I alluded to this in the opening section and I think it’s a great way to end a post discussing the pros and cons of each type of cheese.

Fresh mozzarella is creamy and soft but if you add too much of it you’ll wind up with a watery mess. Low-moisture mozzarella can be tasty but too much of it will leave you bloated and sick.

This is why I think a mix of fresh and low-moisture mozzarella is best for most home pizza makers. Mixing the two gives you the creaminess of fresh cheese and the extra cheesiness of low-moisture cheese, all without puddles of water or a sick stomach afterwards.

Just remember to keep a close eye on the fresh cheese as it bakes to prevent burning. Fresh mozzarella is a bit more delicate and can burn easily under direct heat for too long. You want to remove it from the oven when it’s gently bubbling and not at the point when it’s crusted over.

This pizza has a blend of fresh and low-moisture mozzarella. The white spots are fresh and the orange ones are low-moisture.

Final Thoughts

For the most part, fresh mozzarella vs low-moisture mozzarella is a matter of personal preference and what style of pizza you’re aiming for.

American style pizzas can do well with either pure low-moisture mozzarella or a combination low-moisture and fresh. On the other hand, no self-respecting Italian pizza maker will use American style low-moisture mozzarella cheese, especially not if they’re from Naples. In Italy, fresh mozzarella is king.
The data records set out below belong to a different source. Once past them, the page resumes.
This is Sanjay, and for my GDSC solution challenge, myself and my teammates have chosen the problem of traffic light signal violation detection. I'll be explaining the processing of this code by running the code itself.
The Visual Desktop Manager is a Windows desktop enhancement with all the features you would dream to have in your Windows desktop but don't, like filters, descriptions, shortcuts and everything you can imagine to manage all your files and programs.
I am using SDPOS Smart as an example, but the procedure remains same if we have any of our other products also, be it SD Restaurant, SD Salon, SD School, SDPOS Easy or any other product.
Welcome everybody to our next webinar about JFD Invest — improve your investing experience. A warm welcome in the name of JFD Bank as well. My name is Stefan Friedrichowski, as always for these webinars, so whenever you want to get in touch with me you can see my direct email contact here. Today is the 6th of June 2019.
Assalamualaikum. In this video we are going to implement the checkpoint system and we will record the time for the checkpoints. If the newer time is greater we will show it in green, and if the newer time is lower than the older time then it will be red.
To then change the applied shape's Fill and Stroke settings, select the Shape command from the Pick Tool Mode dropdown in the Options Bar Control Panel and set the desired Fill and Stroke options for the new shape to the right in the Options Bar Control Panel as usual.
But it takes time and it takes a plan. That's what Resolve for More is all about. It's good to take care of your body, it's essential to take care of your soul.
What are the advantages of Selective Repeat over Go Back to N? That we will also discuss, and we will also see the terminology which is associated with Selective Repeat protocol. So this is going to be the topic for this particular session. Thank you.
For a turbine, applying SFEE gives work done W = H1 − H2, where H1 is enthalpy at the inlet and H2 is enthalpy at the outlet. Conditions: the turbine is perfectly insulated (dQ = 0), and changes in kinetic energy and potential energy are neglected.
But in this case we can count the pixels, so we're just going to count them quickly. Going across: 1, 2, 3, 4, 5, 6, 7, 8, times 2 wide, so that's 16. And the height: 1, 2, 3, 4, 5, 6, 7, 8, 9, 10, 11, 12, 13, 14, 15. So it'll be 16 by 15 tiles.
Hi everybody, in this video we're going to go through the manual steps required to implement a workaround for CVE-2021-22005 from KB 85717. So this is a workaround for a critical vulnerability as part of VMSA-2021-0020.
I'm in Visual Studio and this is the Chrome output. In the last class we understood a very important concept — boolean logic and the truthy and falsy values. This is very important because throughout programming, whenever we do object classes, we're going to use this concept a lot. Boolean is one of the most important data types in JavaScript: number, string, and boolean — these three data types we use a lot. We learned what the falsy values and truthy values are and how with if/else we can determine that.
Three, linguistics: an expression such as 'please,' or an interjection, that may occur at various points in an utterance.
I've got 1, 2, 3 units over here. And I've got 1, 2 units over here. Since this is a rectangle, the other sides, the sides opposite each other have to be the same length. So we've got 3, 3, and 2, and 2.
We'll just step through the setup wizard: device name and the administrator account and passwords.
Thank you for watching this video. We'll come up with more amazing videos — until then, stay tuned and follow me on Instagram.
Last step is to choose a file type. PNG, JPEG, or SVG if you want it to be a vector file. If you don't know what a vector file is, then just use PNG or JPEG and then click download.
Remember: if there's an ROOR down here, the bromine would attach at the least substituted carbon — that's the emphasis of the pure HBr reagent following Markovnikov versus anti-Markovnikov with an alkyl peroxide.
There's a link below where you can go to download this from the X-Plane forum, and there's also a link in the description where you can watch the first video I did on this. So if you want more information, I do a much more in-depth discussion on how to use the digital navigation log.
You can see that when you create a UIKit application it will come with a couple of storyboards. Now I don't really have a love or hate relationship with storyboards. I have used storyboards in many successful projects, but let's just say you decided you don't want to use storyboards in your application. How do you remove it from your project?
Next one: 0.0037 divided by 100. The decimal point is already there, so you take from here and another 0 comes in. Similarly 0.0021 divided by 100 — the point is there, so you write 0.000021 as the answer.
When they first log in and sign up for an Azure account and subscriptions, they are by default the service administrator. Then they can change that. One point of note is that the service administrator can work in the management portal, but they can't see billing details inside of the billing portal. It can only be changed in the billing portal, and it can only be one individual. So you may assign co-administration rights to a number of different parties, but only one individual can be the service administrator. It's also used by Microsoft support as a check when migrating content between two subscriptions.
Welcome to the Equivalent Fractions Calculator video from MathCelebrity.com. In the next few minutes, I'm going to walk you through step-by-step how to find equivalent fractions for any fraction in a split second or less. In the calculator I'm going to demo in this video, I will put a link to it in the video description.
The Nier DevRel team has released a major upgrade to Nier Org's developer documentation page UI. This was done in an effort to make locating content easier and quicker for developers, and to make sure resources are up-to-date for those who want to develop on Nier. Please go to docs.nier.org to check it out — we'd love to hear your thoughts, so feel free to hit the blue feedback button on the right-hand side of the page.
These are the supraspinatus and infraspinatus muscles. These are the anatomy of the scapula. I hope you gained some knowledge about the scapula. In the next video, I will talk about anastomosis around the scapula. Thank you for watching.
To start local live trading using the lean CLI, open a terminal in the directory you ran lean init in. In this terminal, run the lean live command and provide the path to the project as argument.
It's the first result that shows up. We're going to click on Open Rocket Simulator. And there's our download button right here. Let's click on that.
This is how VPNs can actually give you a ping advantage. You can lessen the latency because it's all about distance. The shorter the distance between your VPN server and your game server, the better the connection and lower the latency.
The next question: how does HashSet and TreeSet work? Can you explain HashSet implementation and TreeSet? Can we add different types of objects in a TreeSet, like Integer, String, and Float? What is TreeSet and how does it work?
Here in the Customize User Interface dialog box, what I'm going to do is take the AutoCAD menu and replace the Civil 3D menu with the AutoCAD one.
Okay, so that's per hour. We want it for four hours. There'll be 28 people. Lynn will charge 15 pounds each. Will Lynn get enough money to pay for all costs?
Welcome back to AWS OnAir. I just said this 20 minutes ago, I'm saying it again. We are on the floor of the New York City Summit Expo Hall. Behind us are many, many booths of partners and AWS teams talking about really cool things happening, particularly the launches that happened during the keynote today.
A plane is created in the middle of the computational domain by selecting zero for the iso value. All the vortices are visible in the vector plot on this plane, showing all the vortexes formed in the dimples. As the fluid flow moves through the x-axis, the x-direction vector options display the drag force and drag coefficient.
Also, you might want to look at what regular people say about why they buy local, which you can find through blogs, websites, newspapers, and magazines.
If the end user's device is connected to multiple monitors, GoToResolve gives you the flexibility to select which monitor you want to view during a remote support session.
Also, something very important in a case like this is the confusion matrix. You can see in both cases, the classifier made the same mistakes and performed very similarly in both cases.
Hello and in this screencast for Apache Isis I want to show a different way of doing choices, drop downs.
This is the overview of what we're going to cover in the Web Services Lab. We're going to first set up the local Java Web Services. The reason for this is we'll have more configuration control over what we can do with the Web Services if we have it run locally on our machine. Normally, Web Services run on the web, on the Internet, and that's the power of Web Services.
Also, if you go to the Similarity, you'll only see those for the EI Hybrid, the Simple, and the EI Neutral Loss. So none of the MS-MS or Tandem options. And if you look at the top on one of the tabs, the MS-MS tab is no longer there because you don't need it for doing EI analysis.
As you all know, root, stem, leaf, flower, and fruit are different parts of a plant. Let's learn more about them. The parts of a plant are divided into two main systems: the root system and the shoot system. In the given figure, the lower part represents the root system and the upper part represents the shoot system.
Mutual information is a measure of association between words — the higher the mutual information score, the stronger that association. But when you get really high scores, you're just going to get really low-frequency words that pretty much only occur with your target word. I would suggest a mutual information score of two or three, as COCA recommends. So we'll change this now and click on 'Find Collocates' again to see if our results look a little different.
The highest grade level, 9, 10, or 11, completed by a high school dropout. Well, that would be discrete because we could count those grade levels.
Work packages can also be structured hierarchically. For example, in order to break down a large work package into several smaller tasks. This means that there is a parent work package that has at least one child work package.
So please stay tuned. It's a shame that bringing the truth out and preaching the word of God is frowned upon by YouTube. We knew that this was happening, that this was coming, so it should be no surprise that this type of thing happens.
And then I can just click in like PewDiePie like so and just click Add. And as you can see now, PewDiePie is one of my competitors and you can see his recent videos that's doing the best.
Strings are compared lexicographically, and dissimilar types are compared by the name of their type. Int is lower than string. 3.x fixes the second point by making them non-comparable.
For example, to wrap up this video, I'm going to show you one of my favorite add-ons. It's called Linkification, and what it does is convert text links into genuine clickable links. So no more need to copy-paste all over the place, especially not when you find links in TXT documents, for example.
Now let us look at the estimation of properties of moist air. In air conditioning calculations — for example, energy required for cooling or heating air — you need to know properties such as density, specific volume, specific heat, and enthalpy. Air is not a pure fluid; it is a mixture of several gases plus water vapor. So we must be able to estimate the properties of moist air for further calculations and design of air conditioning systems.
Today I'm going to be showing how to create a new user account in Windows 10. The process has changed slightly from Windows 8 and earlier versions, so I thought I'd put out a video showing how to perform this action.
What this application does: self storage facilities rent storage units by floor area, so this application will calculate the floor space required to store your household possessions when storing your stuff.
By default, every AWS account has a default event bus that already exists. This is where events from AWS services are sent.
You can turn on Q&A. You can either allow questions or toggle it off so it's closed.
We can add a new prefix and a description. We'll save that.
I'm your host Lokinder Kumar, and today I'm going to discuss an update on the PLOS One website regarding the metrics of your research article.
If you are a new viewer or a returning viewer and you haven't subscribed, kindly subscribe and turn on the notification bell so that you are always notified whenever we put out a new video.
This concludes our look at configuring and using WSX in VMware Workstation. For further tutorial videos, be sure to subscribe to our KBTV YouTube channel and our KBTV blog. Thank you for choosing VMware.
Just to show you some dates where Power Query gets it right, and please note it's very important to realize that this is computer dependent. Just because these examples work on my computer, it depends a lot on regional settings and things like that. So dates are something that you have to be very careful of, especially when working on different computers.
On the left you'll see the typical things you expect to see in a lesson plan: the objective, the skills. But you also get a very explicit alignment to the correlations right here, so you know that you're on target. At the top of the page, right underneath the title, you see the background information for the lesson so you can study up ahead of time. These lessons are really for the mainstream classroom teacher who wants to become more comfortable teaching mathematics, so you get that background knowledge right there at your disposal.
American pizza bakes longer at a lower temperature and so fairs better with a lower moisture cheese to avoid sogginess, especially in large quantities. Neapolitan pizza bakes very quickly at a high temperature and with less cheese, so fresh mozzarella is best.

Home-based pizza makers will probably do best with a combination of fresh and low-moisture mozzarella due to the lower temperatures of home ovens. This will give you the creamy taste of fresh cheese along with an extra-cheesy like quality of low-moisture mozzarella. No puddles of water and no feeling sick afterwards.

Of course, this is a simplification to help get you started. There is a whole world of cheese out there and so many different ways to use them on pizza. So whatever cheese you choose, good luck!

Domenic

Hi, I'm Domenic, the founder of this website. I've been making pizza at home for over 15 years and in that time I've perfected what it takes to bake a delicious pizza in a home oven. My goal is to share that information and experience with you.

2 thoughts on “Which Mozzarella Cheese Is Best For Pizza? Low-Moisture Mozzarella Vs Fresh

  1. Hi Domenic

    What brand of whole milk-low moisture and fresh mozzarella cheese do you recommend?

    I like the american style pizza with lots of chewy melted cheese.

    1. Hi Ken! Thanks for the question. Honestly, any brand of mozzarella that’s made from whole-milk will do just fine on any pizza. But I like the Polly-O brand which is pretty popular and is available in lots of supermarkets. I also like the Galbani brand which you can find on Amazon.

      But like I said, whole-milk is the key. As long as it’s whole-milk, and not part-skim, it should melt and taste great. Hope that helps!